## RECORDED DATA:
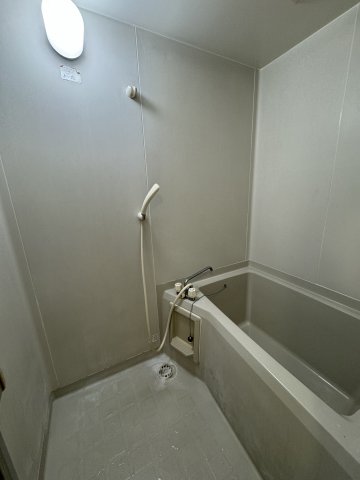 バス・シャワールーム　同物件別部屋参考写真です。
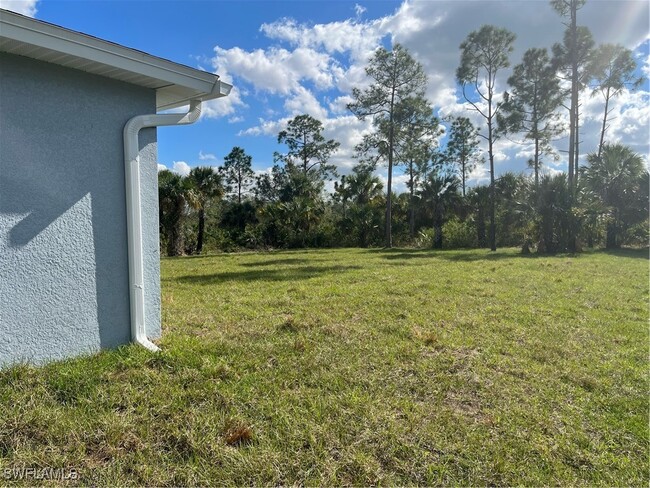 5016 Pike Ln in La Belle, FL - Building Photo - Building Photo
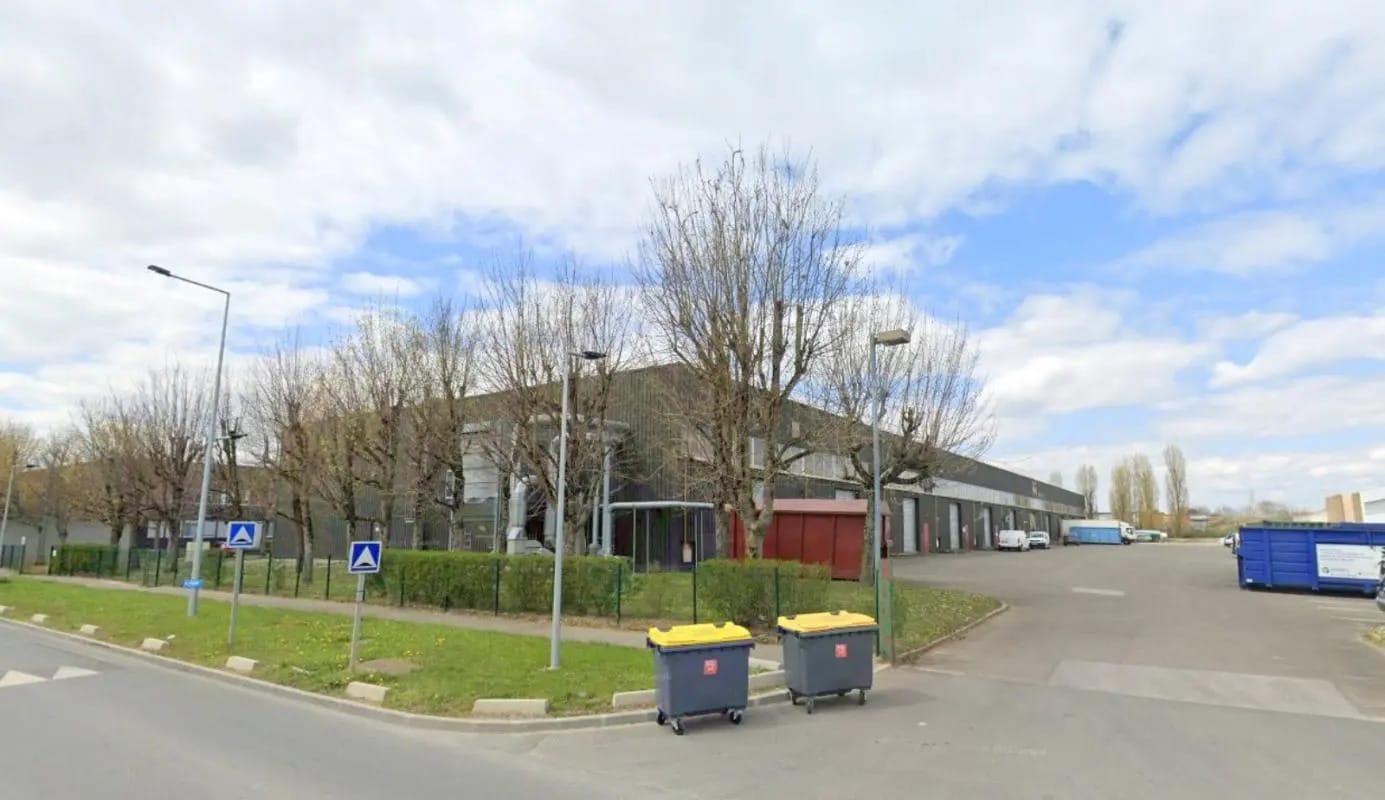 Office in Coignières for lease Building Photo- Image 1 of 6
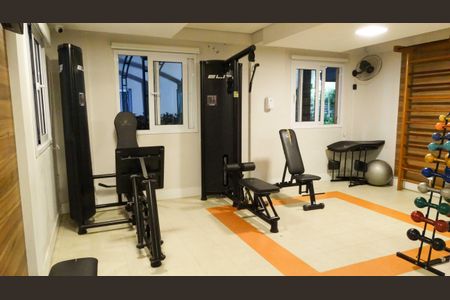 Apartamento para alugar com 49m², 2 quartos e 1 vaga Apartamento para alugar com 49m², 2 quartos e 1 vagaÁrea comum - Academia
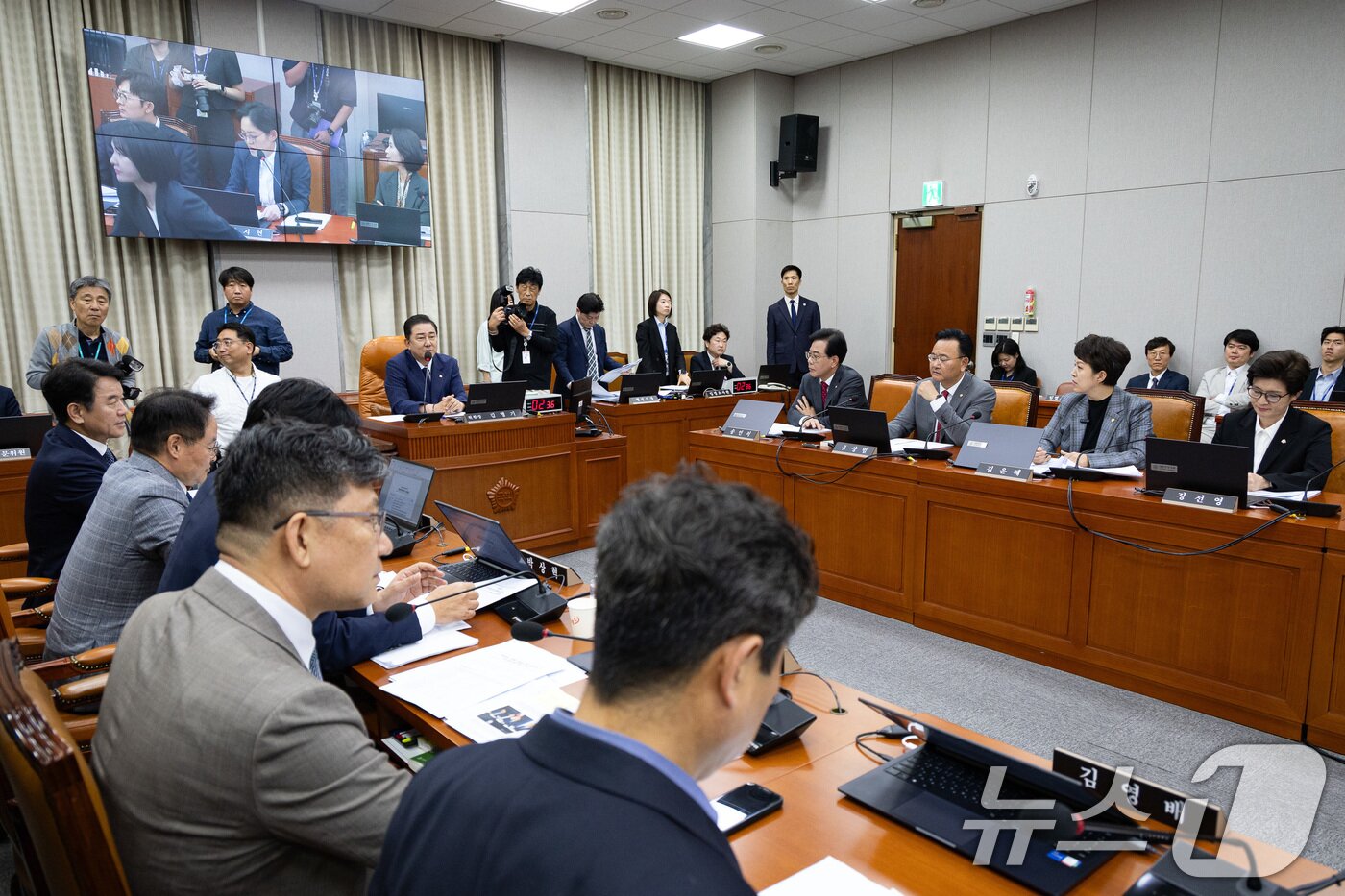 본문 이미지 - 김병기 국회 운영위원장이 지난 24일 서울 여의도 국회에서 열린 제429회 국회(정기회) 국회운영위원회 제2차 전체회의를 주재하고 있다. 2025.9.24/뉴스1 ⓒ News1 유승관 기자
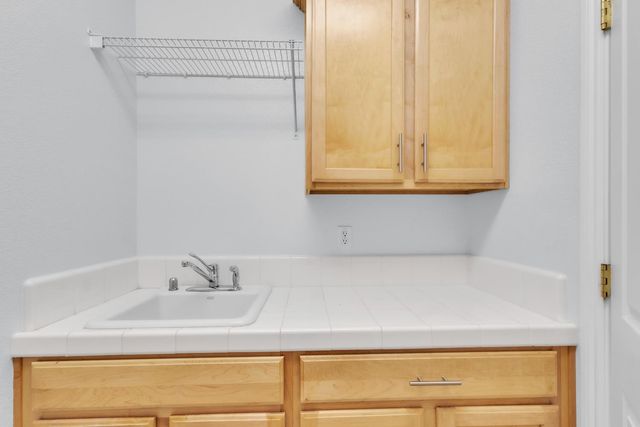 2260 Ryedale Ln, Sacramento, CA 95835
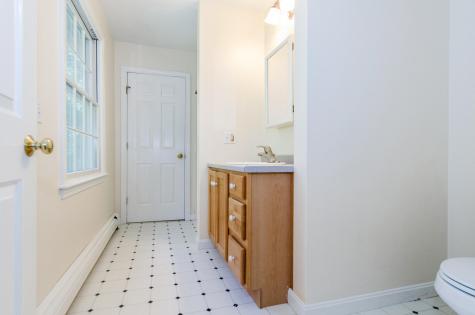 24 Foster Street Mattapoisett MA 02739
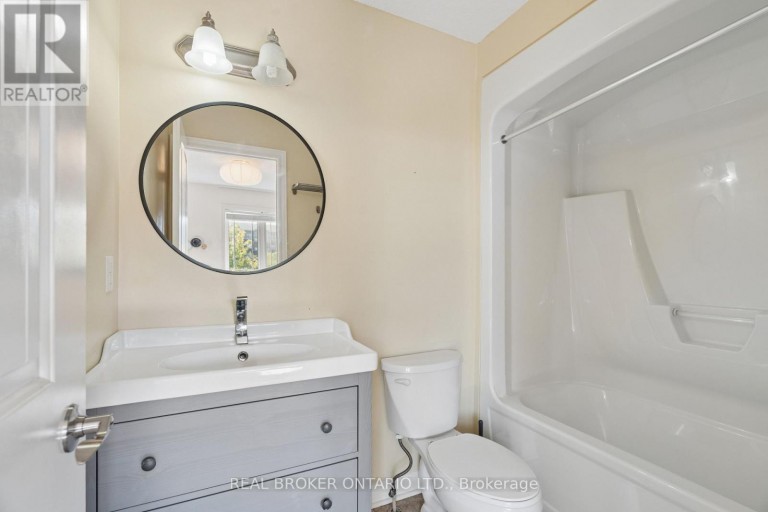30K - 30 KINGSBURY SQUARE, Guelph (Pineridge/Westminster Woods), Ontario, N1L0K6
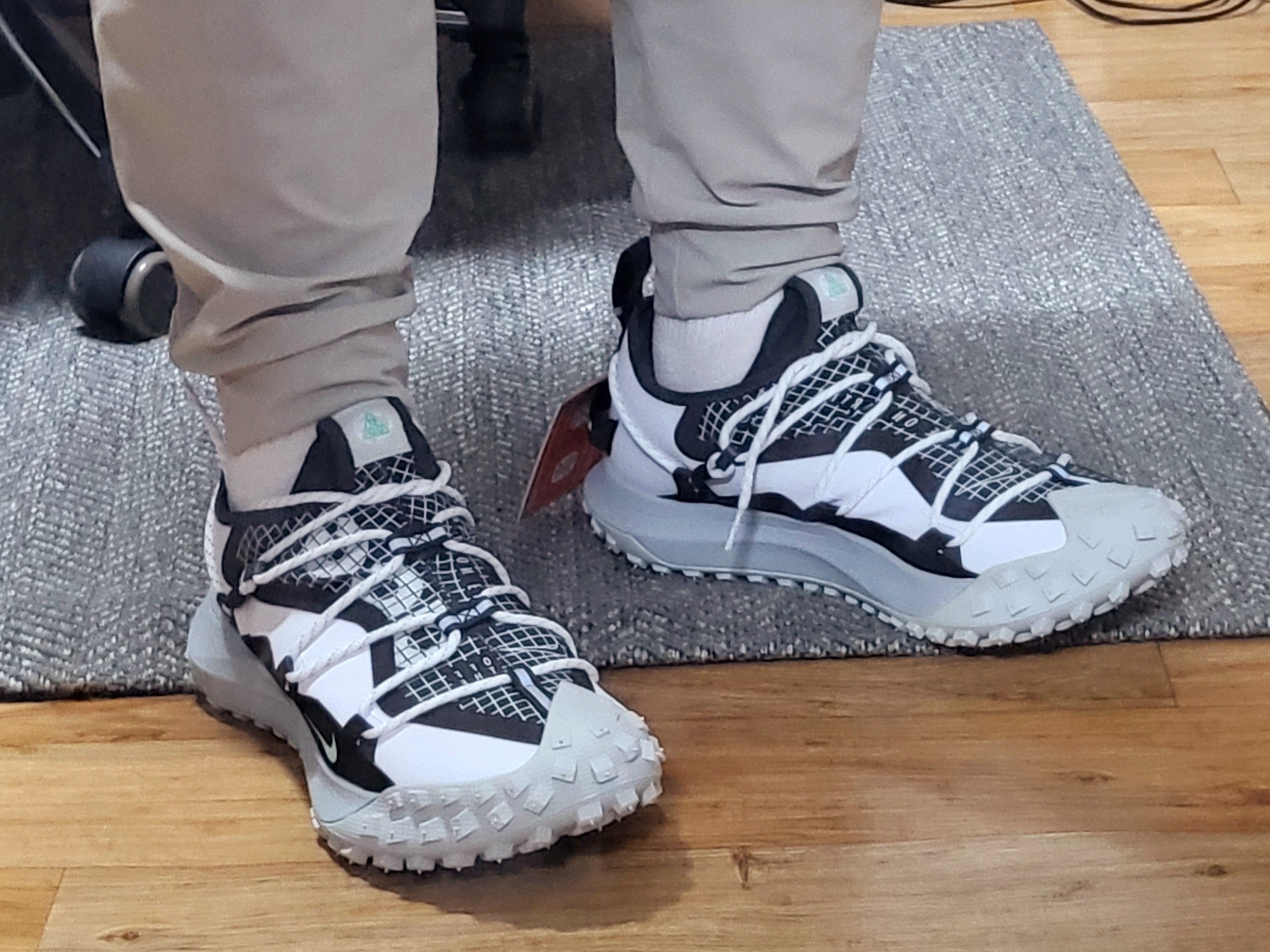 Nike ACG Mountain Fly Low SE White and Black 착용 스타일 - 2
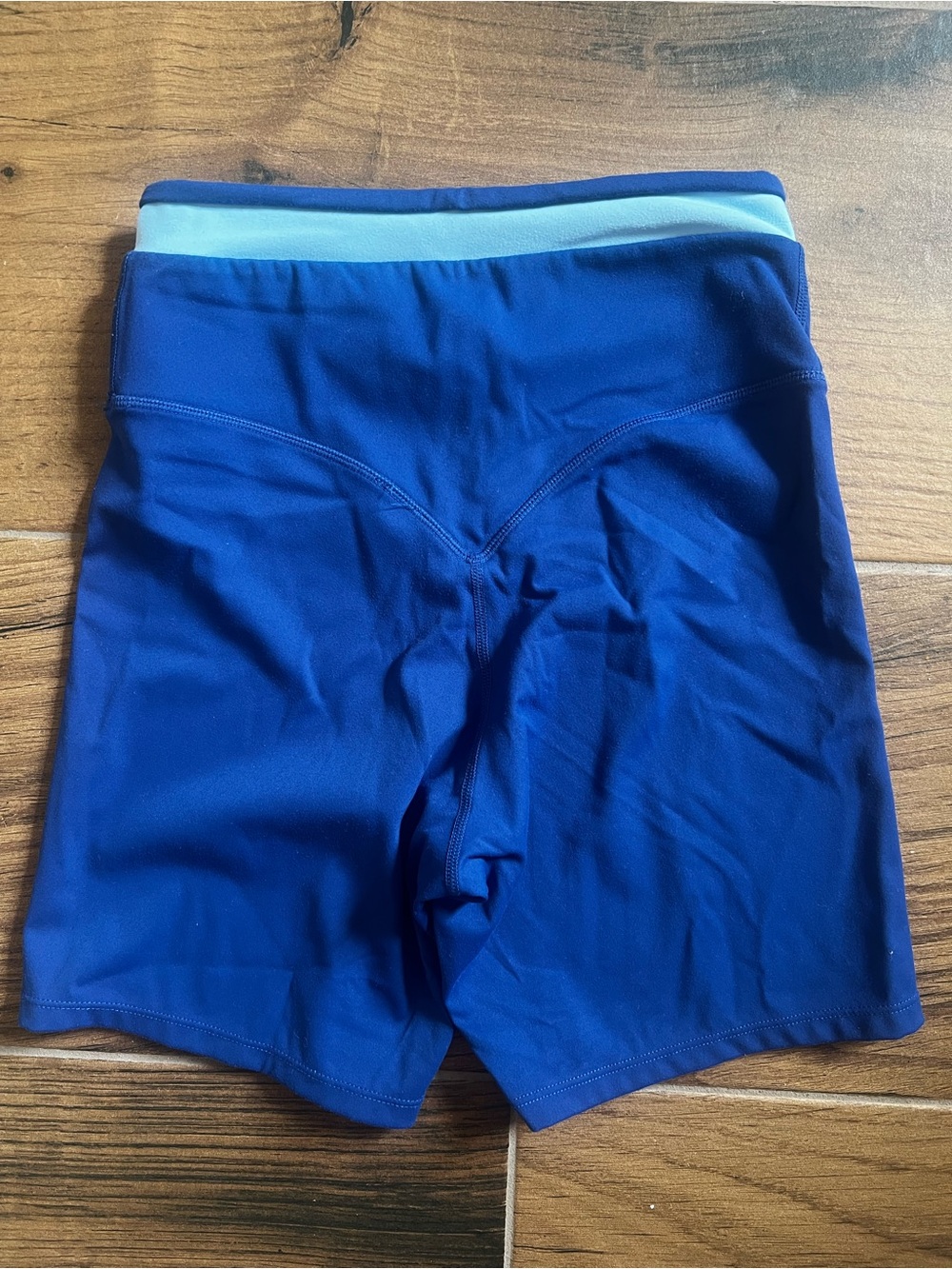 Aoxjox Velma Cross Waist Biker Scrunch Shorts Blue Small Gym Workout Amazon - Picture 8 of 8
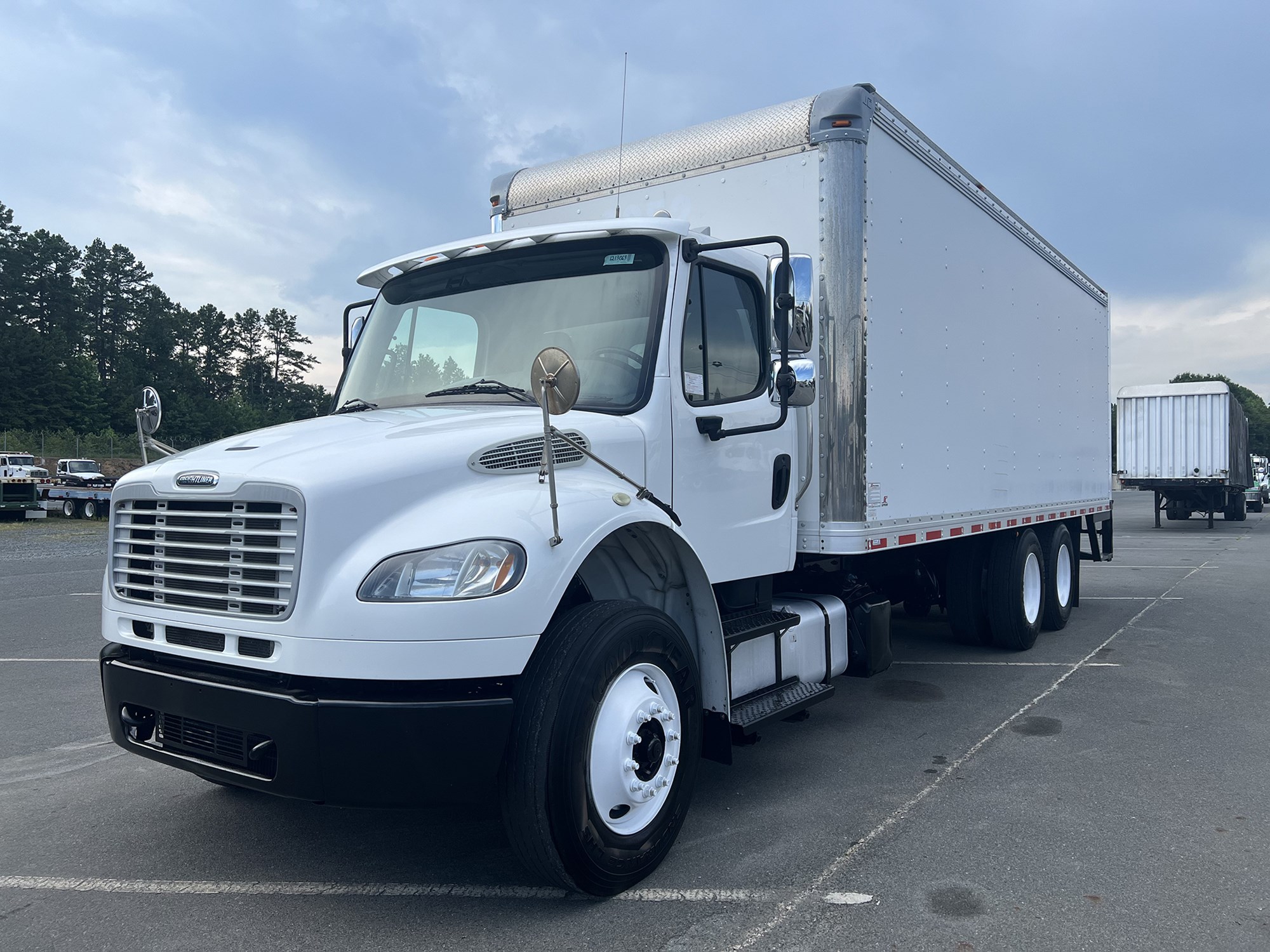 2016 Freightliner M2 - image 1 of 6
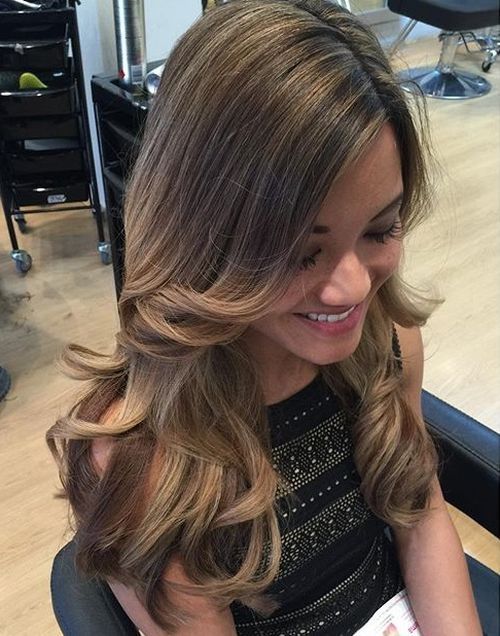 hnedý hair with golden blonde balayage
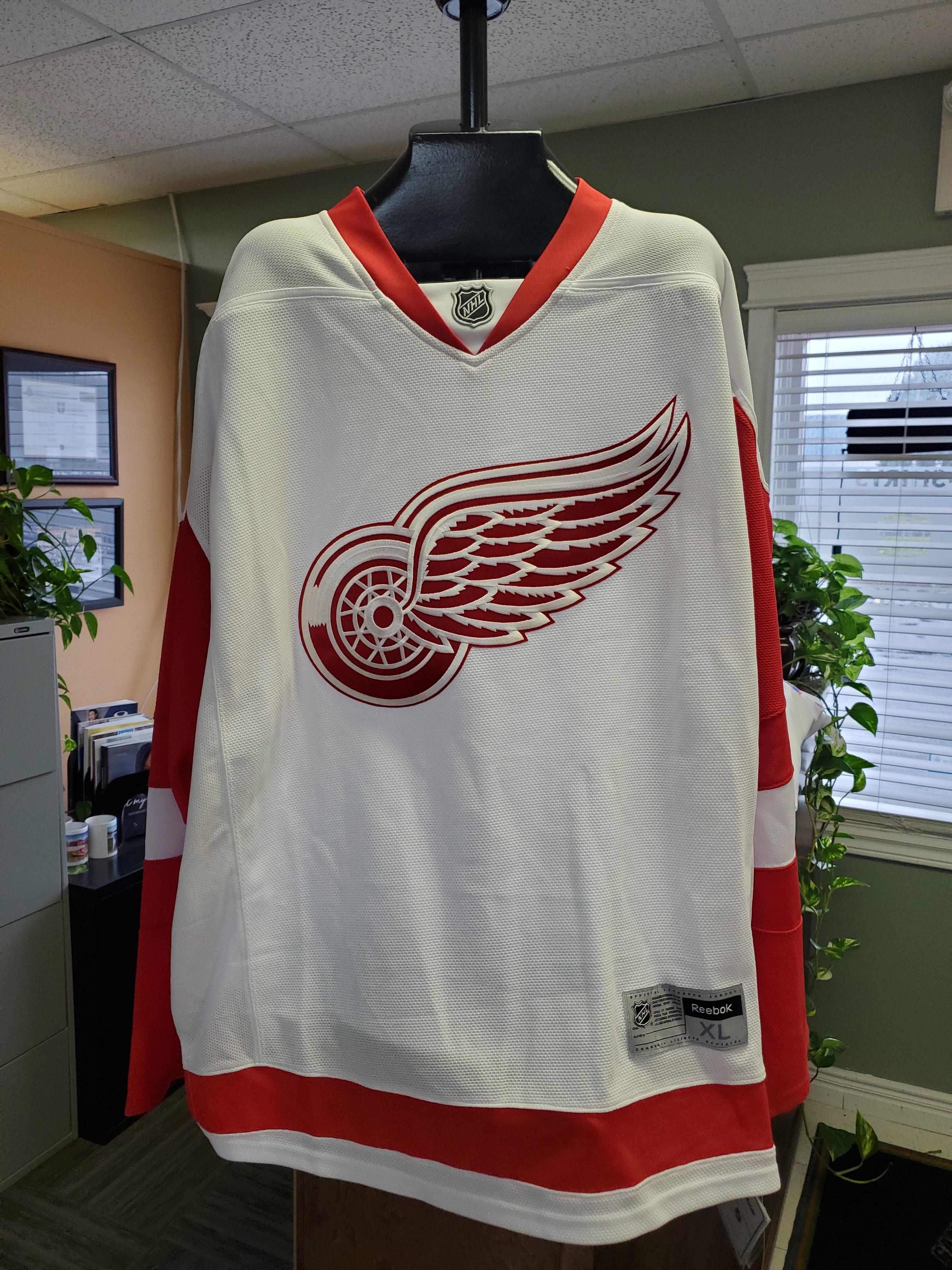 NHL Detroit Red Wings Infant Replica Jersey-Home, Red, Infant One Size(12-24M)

## GOAL OF THE EXERCISE:
The expected output is each record, copied exactly, and nothing in place of the pictures.

## YOUR RESPONSE:
 バス・シャワールーム　同物件別部屋参考写真です。
 5016 Pike Ln in La Belle, FL - Building Photo - Building Photo
 Office in Coignières for lease Building Photo- Image 1 of 6
 Apartamento para alugar com 49m², 2 quartos e 1 vaga Apartamento para alugar com 49m², 2 quartos e 1 vagaÁrea comum - Academia
 본문 이미지 - 김병기 국회 운영위원장이 지난 24일 서울 여의도 국회에서 열린 제429회 국회(정기회) 국회운영위원회 제2차 전체회의를 주재하고 있다. 2025.9.24/뉴스1 ⓒ News1 유승관 기자
 2260 Ryedale Ln, Sacramento, CA 95835
 24 Foster Street Mattapoisett MA 02739
30K - 30 KINGSBURY SQUARE, Guelph (Pineridge/Westminster Woods), Ontario, N1L0K6
 Nike ACG Mountain Fly Low SE White and Black 착용 스타일 - 2
 Aoxjox Velma Cross Waist Biker Scrunch Shorts Blue Small Gym Workout Amazon - Picture 8 of 8
 2016 Freightliner M2 - image 1 of 6
 hnedý hair with golden blonde balayage
 NHL Detroit Red Wings Infant Replica Jersey-Home, Red, Infant One Size(12-24M)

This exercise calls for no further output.